-- Opening Marker --

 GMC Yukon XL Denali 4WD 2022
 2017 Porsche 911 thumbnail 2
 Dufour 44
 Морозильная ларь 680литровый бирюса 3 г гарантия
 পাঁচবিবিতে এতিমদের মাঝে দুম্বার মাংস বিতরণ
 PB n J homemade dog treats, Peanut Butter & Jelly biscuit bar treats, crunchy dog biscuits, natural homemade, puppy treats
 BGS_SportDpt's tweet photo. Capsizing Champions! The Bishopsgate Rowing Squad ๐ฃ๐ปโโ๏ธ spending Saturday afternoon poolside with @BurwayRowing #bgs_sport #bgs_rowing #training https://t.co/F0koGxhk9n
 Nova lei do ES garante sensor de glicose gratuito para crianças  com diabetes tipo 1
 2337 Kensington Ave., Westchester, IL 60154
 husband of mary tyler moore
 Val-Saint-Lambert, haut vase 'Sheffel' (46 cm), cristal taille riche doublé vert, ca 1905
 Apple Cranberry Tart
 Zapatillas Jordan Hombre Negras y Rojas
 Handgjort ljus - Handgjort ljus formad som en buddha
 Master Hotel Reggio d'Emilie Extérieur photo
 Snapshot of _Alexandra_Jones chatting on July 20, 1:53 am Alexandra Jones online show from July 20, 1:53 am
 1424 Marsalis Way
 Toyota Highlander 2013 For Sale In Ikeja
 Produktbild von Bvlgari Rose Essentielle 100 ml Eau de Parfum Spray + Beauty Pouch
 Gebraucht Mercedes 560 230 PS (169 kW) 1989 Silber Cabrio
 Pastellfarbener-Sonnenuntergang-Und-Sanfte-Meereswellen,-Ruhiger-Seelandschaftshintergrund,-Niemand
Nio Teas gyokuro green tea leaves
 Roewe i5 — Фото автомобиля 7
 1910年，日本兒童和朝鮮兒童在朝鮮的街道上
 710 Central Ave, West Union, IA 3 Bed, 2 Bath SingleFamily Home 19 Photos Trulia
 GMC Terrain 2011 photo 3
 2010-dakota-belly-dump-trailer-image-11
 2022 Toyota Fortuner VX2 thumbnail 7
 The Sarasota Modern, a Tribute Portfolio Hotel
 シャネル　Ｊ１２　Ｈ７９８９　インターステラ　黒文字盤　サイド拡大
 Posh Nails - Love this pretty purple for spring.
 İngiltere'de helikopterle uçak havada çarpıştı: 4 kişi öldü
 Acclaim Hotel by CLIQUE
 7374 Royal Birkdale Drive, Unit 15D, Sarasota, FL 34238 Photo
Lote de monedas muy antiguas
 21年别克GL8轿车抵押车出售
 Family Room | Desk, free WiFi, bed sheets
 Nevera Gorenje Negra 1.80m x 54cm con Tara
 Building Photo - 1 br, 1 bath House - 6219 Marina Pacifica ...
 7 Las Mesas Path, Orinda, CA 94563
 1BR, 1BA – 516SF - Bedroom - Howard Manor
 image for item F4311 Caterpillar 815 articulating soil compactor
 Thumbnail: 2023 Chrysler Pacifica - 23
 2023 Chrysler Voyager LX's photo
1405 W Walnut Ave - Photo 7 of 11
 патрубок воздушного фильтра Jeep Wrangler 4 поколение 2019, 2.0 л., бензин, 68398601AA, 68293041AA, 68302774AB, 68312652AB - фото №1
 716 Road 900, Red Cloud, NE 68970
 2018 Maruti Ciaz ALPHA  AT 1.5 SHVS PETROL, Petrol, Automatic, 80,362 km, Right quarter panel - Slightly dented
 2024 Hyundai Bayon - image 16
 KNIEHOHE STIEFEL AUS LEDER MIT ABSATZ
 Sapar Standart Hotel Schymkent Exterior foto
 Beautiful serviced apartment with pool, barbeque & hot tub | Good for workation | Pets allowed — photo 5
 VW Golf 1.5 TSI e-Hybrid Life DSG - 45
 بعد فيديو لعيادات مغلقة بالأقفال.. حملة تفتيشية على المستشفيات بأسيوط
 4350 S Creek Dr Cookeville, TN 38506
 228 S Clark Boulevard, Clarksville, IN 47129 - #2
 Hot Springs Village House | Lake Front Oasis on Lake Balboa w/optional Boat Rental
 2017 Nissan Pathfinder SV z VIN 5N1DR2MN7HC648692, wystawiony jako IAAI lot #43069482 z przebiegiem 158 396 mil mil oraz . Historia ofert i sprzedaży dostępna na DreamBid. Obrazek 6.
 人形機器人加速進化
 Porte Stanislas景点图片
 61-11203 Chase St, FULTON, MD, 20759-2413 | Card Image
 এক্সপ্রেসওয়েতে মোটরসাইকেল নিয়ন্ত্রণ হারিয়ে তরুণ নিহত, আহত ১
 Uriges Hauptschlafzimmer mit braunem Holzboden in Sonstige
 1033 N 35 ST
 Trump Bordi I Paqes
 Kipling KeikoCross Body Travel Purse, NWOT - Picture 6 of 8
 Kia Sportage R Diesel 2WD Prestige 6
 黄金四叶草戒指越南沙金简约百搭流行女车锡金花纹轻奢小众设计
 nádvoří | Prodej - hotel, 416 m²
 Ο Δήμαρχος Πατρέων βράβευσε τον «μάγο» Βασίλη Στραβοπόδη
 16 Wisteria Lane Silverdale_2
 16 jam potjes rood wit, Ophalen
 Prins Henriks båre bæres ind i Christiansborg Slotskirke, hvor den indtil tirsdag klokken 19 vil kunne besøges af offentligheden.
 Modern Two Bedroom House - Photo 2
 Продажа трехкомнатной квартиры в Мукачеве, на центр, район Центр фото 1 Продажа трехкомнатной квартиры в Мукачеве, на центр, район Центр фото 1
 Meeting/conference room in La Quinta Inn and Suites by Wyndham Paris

-- Closing Marker --

The task
Your reply should hold all the lines from the listing above in which "Toyota" appears.

Result for this task
 Toyota Highlander 2013 For Sale In Ikeja
 2022 Toyota Fortuner VX2 thumbnail 7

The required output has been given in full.